DUNDALK WON the EA Sports Cup in a penalty shootout at the Ryan McBride Brandywell Stadium after thrilling 2-2 encounter against 2018 winners Derry City.
Derry City 2-2 Dundalk (Dundalk won 6-5 on penalties)
Report by Shaun Keenan at the Ryan McBride Brandywell Stadium
Photos by JPPhotography
Patrick Hoban, Michael Duffy, Daniel Clery, Dean Jarvis, Sean Hoare and Chris Shields scored from the spot for Dundalk and even though Cherrie saved from Robbie Benson it was to no avail.
Jack Malone’s spot-kick was saved by Aaron McCarey and Ally Gilchrist hit the crossbar as Derry were sunk, despite Jamie McDonagh, Barry McNamee, Michael McCrudden, Ciaron Harkin and Eoin Toal converting their penalties.
In normal time, goals from David Parkhouse and Junior Ogedi Uzokwe were cancelled out by Michael Duffy and Sean Gannon.
Derry City took an early lead when David Parkhouse opened the scoring for the home side after three minutes.
Junior Ogedi-Uzokwe initial effort was well-parried by the Dundalk stand-in Aaron McCarey, but the Monaghan man couldn’t deny Parkhouse from three-yards.
To Dundalk’s credit, they responded well and they snatched an equaliser after 38 minutes when Michael Duffy’s superb strike from the edge of the penalty area diverted beyond Cherrie.
Shortly after the restart, Dundalk started the second half similar to the first as City, who had virtually none of the ball in the opening 45 minutes, restored their lead.
Scampering on the counter-attack, Barry McNamee found Junior with a deft pass and a costly slip from McGrath gave the City winger the incentive – his speculative effort deflecting off Sean Hoare to send the Brandywell faithful into a frenzy.

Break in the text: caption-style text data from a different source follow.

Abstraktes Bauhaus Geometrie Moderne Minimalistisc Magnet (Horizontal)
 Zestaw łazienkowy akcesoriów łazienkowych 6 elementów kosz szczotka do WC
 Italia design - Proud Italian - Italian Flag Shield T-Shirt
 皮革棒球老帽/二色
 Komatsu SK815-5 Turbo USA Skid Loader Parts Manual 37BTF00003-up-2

But the air was soon sucked out of the Lone Moor Road stadium when Grant Gillespie picked up his second booking of the contest to reduce Devine’s outfit to ten men.
It looked only a matter of time before Dundalk scored the equaliser and with 20 minutes to go, Duffy, instrumental as ever to the Dundalk attack, forced Cherrie into an awkward stoppage, but with Gannon lurking the visitors snatched the leveller to send the game to extra-time.
For all of Dundalk’s attacking talent and control it was City after 109 minutes that should have snatched the lead when Michael McCrudden failed to beat the goalkeeper from close range.
In the end, Dundalk claimed the first major trophy as they chase a historic treble.
Olé olé olé!#CmonTheTown #DERDUN #EASPORTSCupFinal pic.twitter.com/cYjCbYzGOc
— Dundalk FC (@DundalkFC) September 14, 2019
Duffy kept Dundalk ticking over throughout and while a treble is still a distant prospect for Perth’s side, they have hit their first target.
Derry City: P. Cherrie; J. McDonagh, A. Gilchrist, E. Toal, C. Coll; G. Bruna (D. McCauley, h/t, A. Delap 126), G. Gillespie; C. Harkin, B. McNamee, J. Ogedi-Uzokwe (M. McCrudden,100); Parkhouse (J.Malone, 77).
Dundalk: A. McCarey; S. Gannon, S. Hoare, D. Cleary, D. Massey; D. Kelly (Benson, 67), C. Shields, P. McEleney (D. Jarvis, 112), M. Duffy; J. McGrath (G. Kelly, 86), P. Hoban.